Blog

The accuracy and overhead of flow sampling. To use or not to use flow sampling?

Flow-based (NetFlow, IPFIX, NetStream) and packet-based (sFlow) network monitoring technologies enable network administrators to gain insight into traffic traversing a network. They provide various statistical information such as top talkers, applications in use, general utilization, the needed for detection of network anomalies, QoS, billing, future network planning, etc.

In general, one of the fundamental requirements of network monitoring is accuracy in terms of estimation of traffic parameters. Ideally, all flow-monitoring technologies should provide 100% accuracy. In reality, accuracy is degraded by a certain way of data reduction in order to address scalability issues. Sampling is one of the effective methods used for reduction of the collected data exported to flow collector and it is equally implemented in both flow-based and packet-based monitoring technologies.

Routers and switches function as embedded monitoring probes and do not have enough computing power to monitor network traffic on high-speed links as their primary concern is packet forwarding. If every packet was captured and its statistic recorded into flow, too much CPU power, flow cache memory and network bandwidth would be consumed in order to record, store and export flows to the flow collector. On one hand, optimal packet sampling is a method that effectively reduces the measurement overhead in context of device’s resource usage and bandwidth consumption for flows export. On the other hand, excessive sampling should be avoided as it increases the amount of exported flow data, especially on the high-speed links, where the network traffic volume is high. Let’s have a look at a situation where sampling is done on a packet count level and there are 11 short flow sessions, each counting 100 packets. If the sampling rate is 1:1024 then every 1024th packet is sampled and used for the flow state update. While unsampled NetFlow generates 11 flow records in a row, the sampling rate 1:1024 results in a single flow record. Flow update rate is reduced to 1/11th, not 1/1024th.

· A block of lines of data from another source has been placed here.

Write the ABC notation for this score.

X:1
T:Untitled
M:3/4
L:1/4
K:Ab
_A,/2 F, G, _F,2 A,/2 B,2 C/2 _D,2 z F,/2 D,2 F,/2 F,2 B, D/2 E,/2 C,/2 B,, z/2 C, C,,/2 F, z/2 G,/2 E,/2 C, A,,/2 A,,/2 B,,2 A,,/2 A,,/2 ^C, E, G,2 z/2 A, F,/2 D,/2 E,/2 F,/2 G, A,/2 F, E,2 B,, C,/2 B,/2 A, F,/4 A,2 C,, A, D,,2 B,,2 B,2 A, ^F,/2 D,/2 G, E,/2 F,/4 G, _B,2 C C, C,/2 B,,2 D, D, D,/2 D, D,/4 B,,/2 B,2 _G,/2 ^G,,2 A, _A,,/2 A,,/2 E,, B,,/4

The original sampled NetFlow feature implemented for Cisco 12000 series uses the systematic sampling with the count-based triggered periodic selection of every k-th packet. The majority of the packets are switched faster because they do not need to go through additional NetFlow processing. The sample packets will be accounted by the NetFlow cache on the router. Sampled NetFlow implemented in the Cisco Nexus 5600 series (NX-OS) supports random sampling mode, M out of N (M:N), where M packets are selected randomly out of every N packets for sampling, and only those packets can create flows. According to a study “On the Accuracy and Overhead of Cisco Sampled NetFlow“, the Sampled NetFlow performs correctly without significant overhead under load and the overhead is indeed linearly proportional to the number of flows recorded. The study also compares the performance of both systematic and random samplings employed in the different Sampled NetFlow versions. The experiments confirms that the performance of both sampling technologies is similar (see the graph below).

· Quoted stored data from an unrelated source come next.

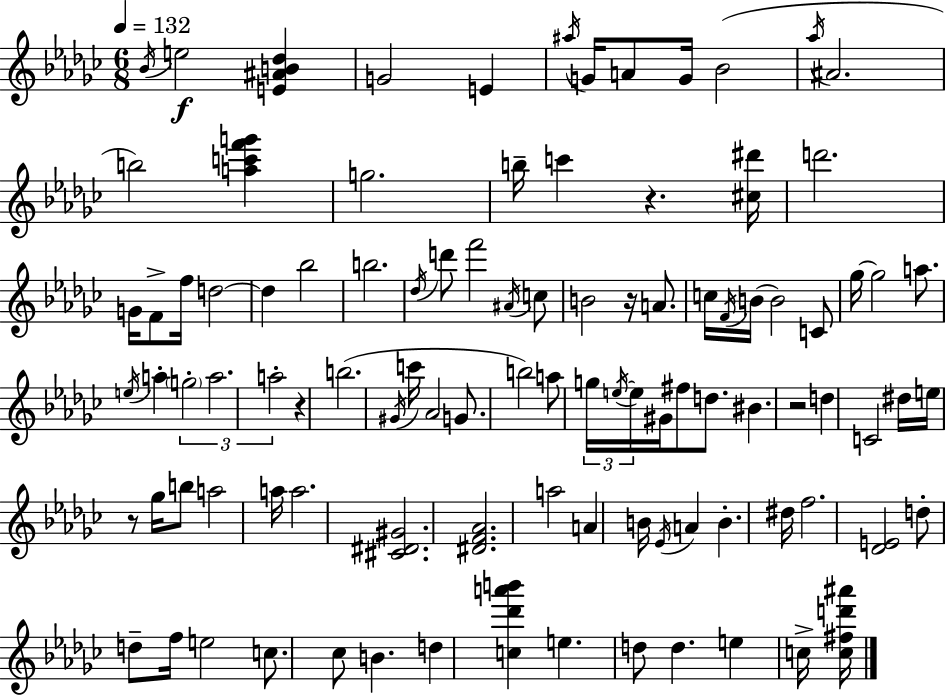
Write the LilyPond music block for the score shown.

{
  \clef treble
  \numericTimeSignature
  \time 6/8
  \key ees \minor
  \tempo 4 = 132
  \repeat volta 2 { \acciaccatura { bes'16 }\f e''2 <e' ais' b' des''>4 | g'2 e'4 | \acciaccatura { ais''16 } g'16 a'8 g'16 bes'2( | \acciaccatura { aes''16 } ais'2. | \break b''2) <a'' c''' f''' g'''>4 | g''2. | b''16-- c'''4 r4. | <cis'' dis'''>16 d'''2. | \break g'16 f'8-> f''16 d''2~~ | d''4 bes''2 | b''2. | \acciaccatura { des''16 } d'''8 f'''2 | \break \acciaccatura { ais'16 } c''8 b'2 | r16 a'8. c''16 \acciaccatura { f'16 }( b'16 b'2) | c'8 ges''16~~ ges''2 | a''8. \acciaccatura { e''16 } a''4-. \tuplet 3/2 { \parenthesize g''2-. | \break a''2. | a''2-. } | r4 b''2.( | \acciaccatura { gis'16 } c'''16 aes'2 | \break g'8. b''2) | a''8 \tuplet 3/2 { g''16 \acciaccatura { e''16~ }~ e''16 } gis'16 fis''8 | d''8. bis'4. r2 | d''4 c'2 | \break dis''16 e''16 r8 ges''16 b''8 | a''2 a''16 a''2. | <cis' dis' gis'>2. | <dis' f' aes'>2. | \break a''2 | a'4 b'16 \acciaccatura { ees'16 } a'4 | b'4.-. dis''16 f''2. | <des' e'>2 | \break d''8-. d''8-- f''16 e''2 | c''8. ces''8 | b'4. d''4 <c'' des''' a''' b'''>4 | e''4. d''8 d''4. | \break e''4 c''16-> <c'' fis'' d''' ais'''>16 } \bar "|."
}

The number of the Sampled NetFlow export packets


One can suggest that multiplying the measured data count with the sampling rate on the netflow collector provides an approximation of the actual traffic rate. In fact, the sample multiplier is applied to the sampled traffic, not all of the traffic. The accuracy of estimation depends on the characteristics of traffic as well as the number of samples. In many cases conversations may not show up at all in the report details because they did not get sampled. This is very much the case on high volume devices where the minimum sample rates are in thousands. On the other hand, there are lots of very short conversations of only a couple of packets that do not get sampled as well. For instance, in case of a successful TCP SYN port-scan, there are only 3 packets exchanged between an attacker and a victim (the TCP flags are SYN, SYN-ACK, RST). It is very likely this type of “conversation” becomes invisible for the majority of traffic analysis applications out there and the attack goes undetected,  because the packets are not sampled thus accounted for the update of the NetFlow cache. This traffic is “lost” in a regular user traffic due to its nature. It is very much a case when an attacker adjusts a longer scan delay interval between probes.

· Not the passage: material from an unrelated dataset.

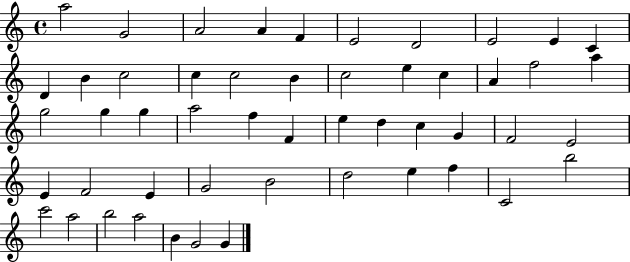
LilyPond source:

Denial of Service (DoS) attacks are conducted with the aim of overwhelming the victim infrastructure and denying access to a legitimate user. In case of a Distributed DoS (DDoS) attack, a large numbers of compromised systems are directed to send traffic to a victim. DDoS attacks can be successfully detected when sampling is used, looking at the overall flow volume to see if a spike occurs, tracking down source and destination L4 ports, IP addresses, TCP flags etc. The accuracy of detection depends on the sampling rate. With the higher sampling, e.g. 1:50 000 flows, the error in the DDoS analysis becomes much bigger. The bigger the sampling rate, the bigger the deviation needs to be to confidently say that there is a DDoS happening.


Conclusion:

Packet sampling mechanisms are definitely a must on the high-speed links in order to scale high data volumes. This is the reason why sampling feature was added to a non-sampled NetFlow version. Other packet and flow based network monitoring technologies such is sFlow, IPFIX, NetStream support packet sampling as well. What is important to say is that sampling in most cases sacrifices monitoring accuracy for router performance. While the acceptable accuracy works great for a real-time detection of network anomalies caused by DDoS attacks, accurate network forensics requires full flow records in order to track every communication. So, in scenarios where accuracy is the main concern, it is better to avoid sampling, however when robust and a better scalable solution is needed, sampling is a necessary evil.